1.24 Avoidable and preventable deaths

Key facts

Why is it important?

Avoidable and preventable mortality refers to deaths from conditions that are considered avoidable given timely and effective health care (including disease prevention and population health initiatives) (AIHW 2010; Page et al. 2007). Avoidable deaths have been used in various studies to measure the quality, effectiveness and accessibility of the health system. Deaths from most conditions are influenced by a range of factors in addition to health system performance, including environmental and social factors and health behaviours.

Findings

What does the data tell us?

Avoidable deaths

In the period 2014–2018, there were 7,072 deaths of Aboriginal and Torres Strait Islander people aged 0–74 from avoidable causes in the five jurisdictions with Indigenous identification data of adequate quality (New South Wales, Queensland, Western Australia, South Australia and the Northern Territory combined). This represented 61% of all deaths of Indigenous Australians aged 0–74. For non-Indigenous Australians, deaths from avoidable causes represented 50% of all deaths in this age group.

After adjusting for differences in the age structure between the two populations, Indigenous Australians died from avoidable causes at 3 times the rate of non-Indigenous Australians (312 compared with 103 per 100,000) (Table D1.24.1).

Between 1998 and 2018, there was a significant decline (by 40%) in avoidable mortality rates for Indigenous Australians. The greatest improvement occurred between 1998 and 2006 (a 29% decline), while from 2006 to 2018, the decline was slower (by 17%). Both declines were significant.

There was a significant narrowing of the gap between Indigenous and non-Indigenous Australians in avoidable mortality rates between 1998 and 2018 (by 37%). Most of this improvement occurred between 1998 and 2006 (the gap narrowed significantly by 30%), while from 2006 to 2018, the gap narrowed significantly (by 14%) (Table D1.24.2, Figure 1.24.1).

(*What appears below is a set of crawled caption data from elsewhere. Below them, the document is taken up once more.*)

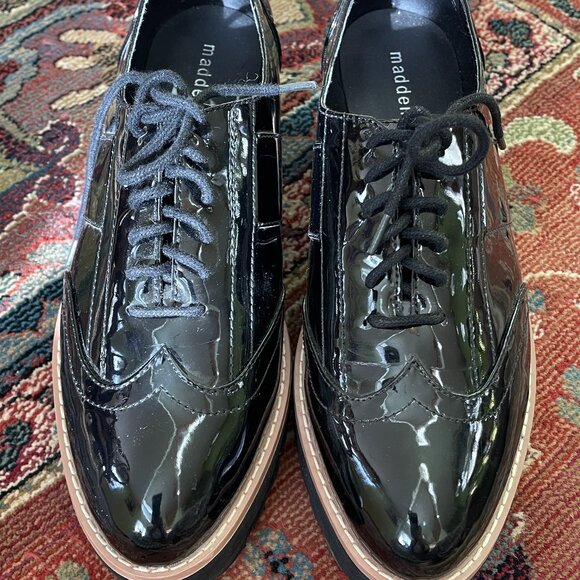 Madden Girl Chunky Loafer Size 10M - Picture 2 of 4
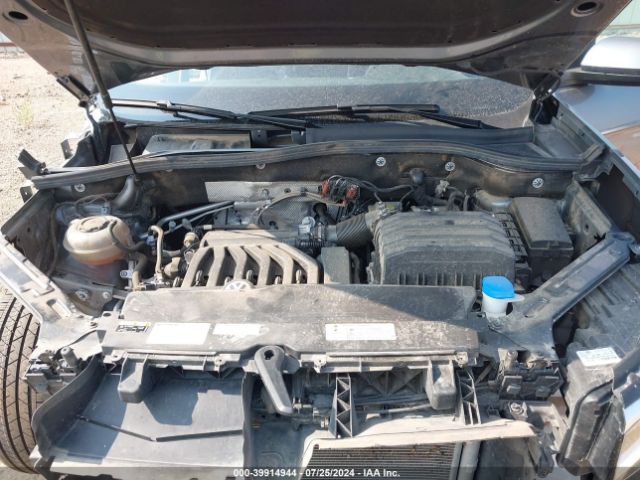 1V2ER2CA5MC544914 Volkswagen Atlas 3.6l V6 Sel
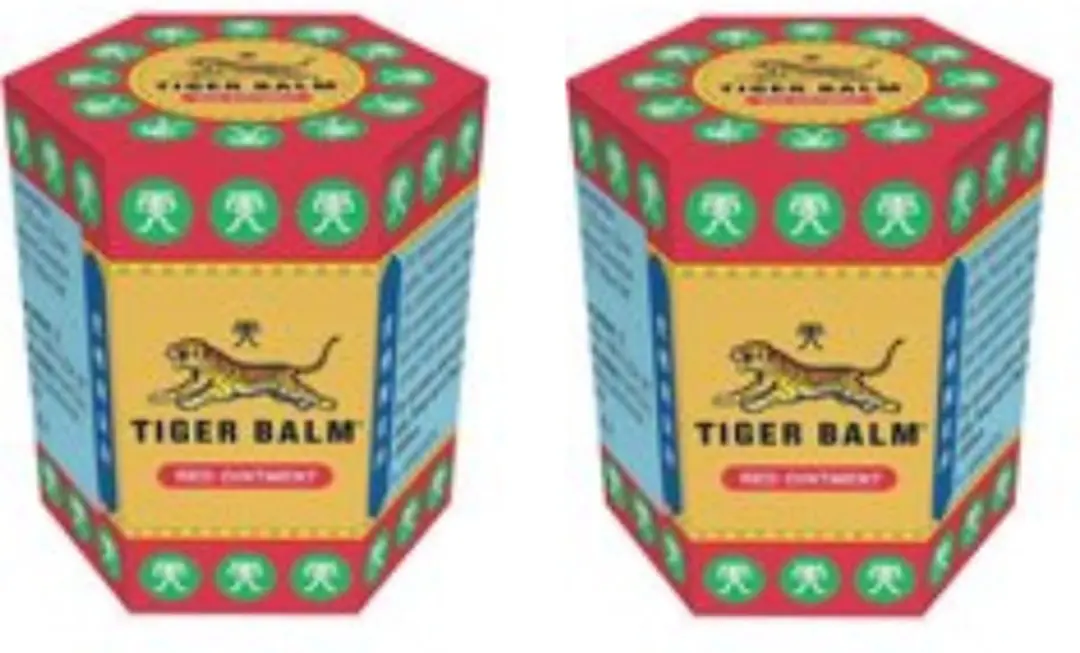 Tiger Balm Rood Spierbalsem 21ml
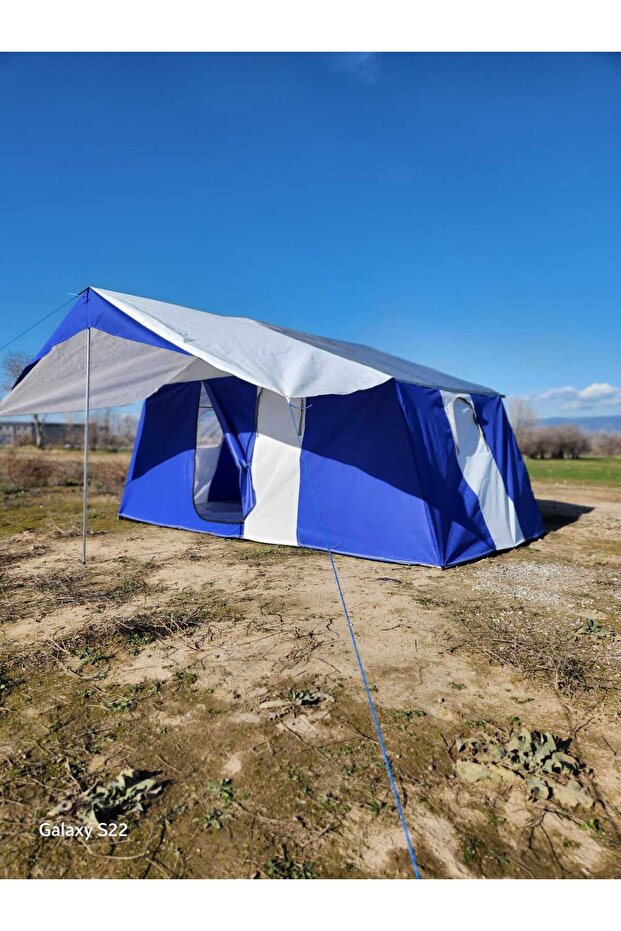 3 odalı kamp çadırı - 4
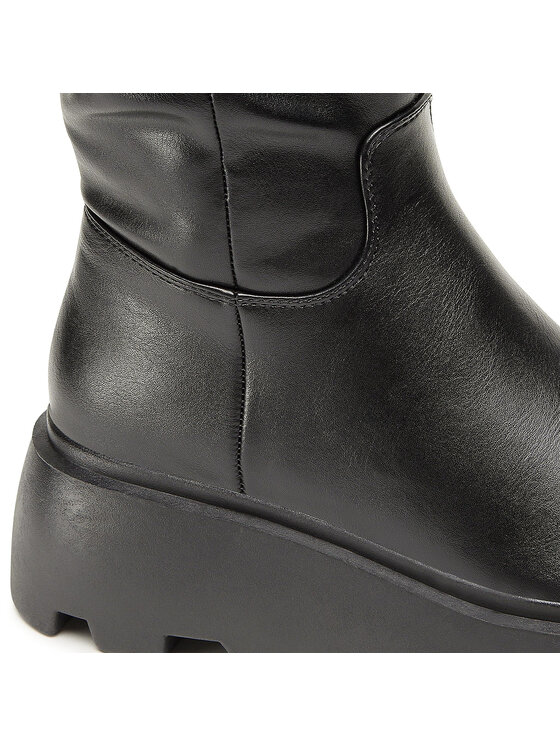 Jenny Fairy Jenny Fairy Stivali sopra il ginocchio HX85310-2 Nero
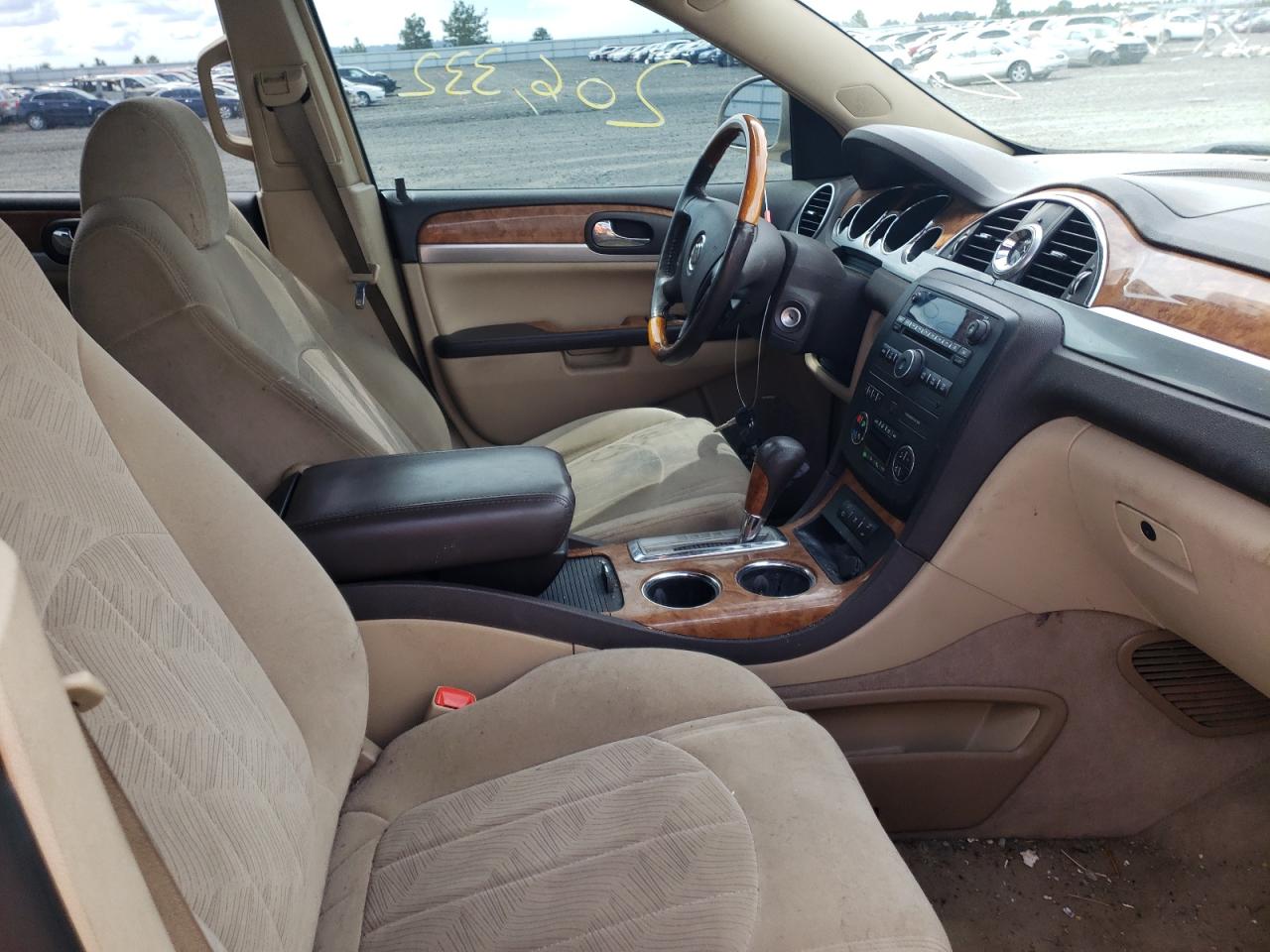 Photo 5 from auction – 2008 BUICK ENCLAVE CX with VIN 5GAEV13768J182073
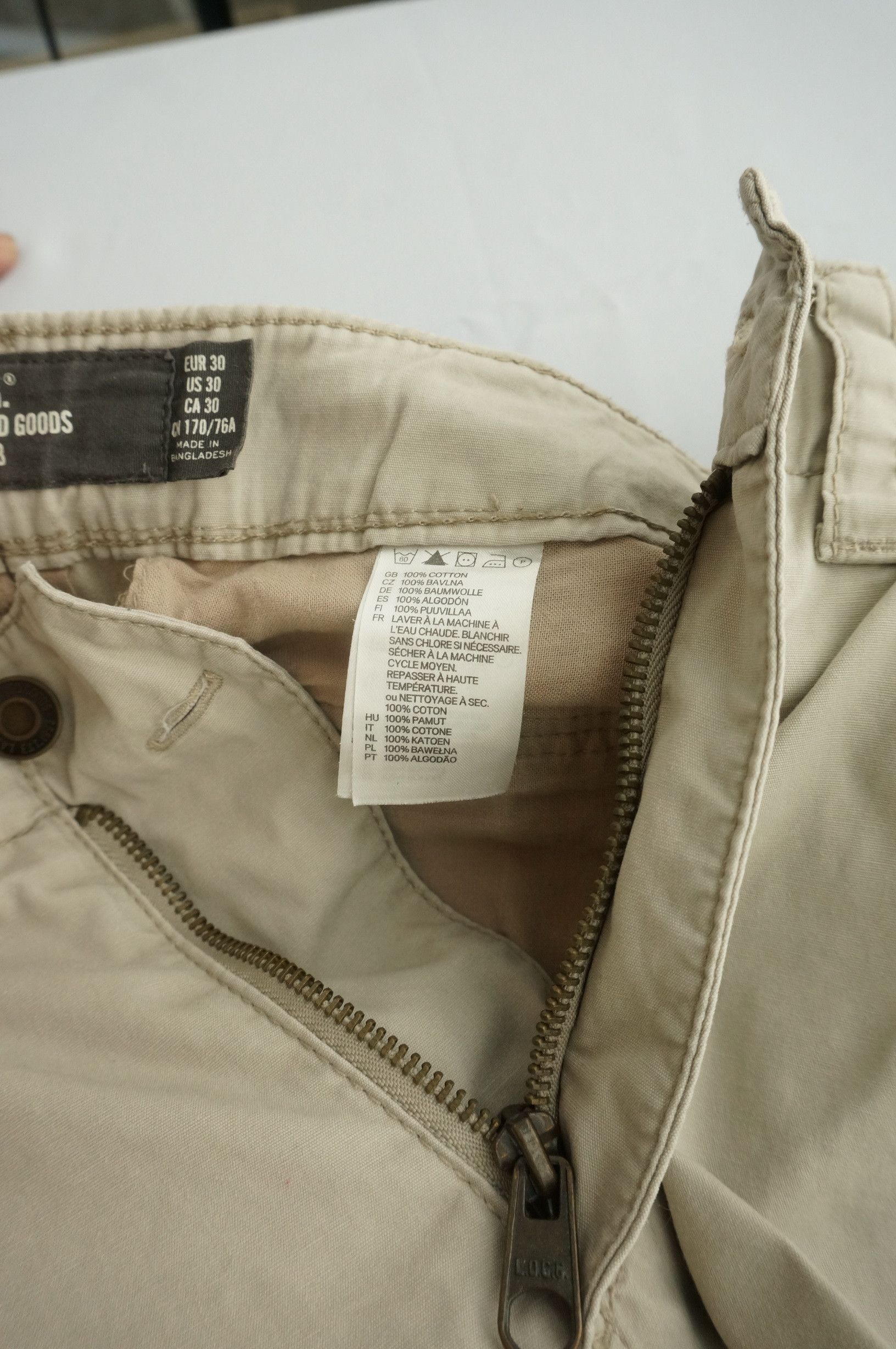 H&M 🔥 H&M X L.O.G.G Tactical Military Cargo Pants Size US 30 / EU 46 - 17 Thumbnail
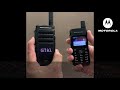 how to use motorola transmit interrupt function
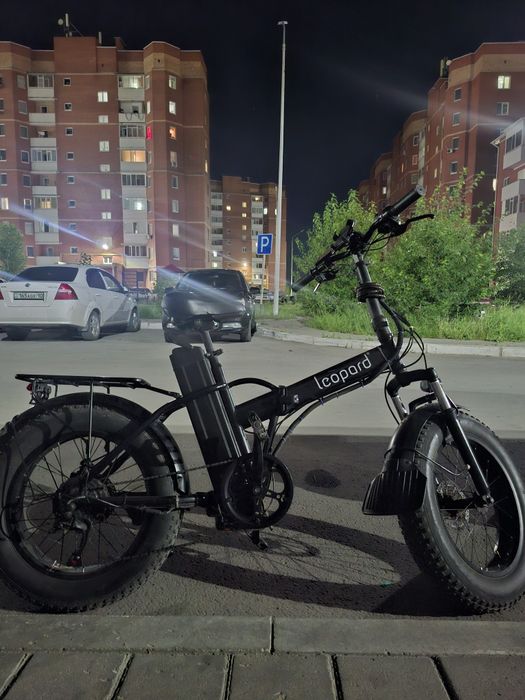 Электробайк 1000w 50km в час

Over the period 1998 to 2018, the proportion of avoidable deaths in all deaths among Indigenous Australians aged 0–74 decreased from 66% to 58% (Table D1.24.7).

Figure 1.24.1: Age-standardised avoidable mortality rates, persons aged 0–74, by Indigenous status, NSW, Qld, WA, SA and NT combined, 1998–2018

This line graph shows that the avoidable mortality rate for Indigenous persons aged 0 to 74 was decreasing from 506 per 100,000 in 1998 to 303 per 100, 000 in 2017. The gap between Indigenous and non-Indigenous was decreasing from 328 to 205 per 100,000.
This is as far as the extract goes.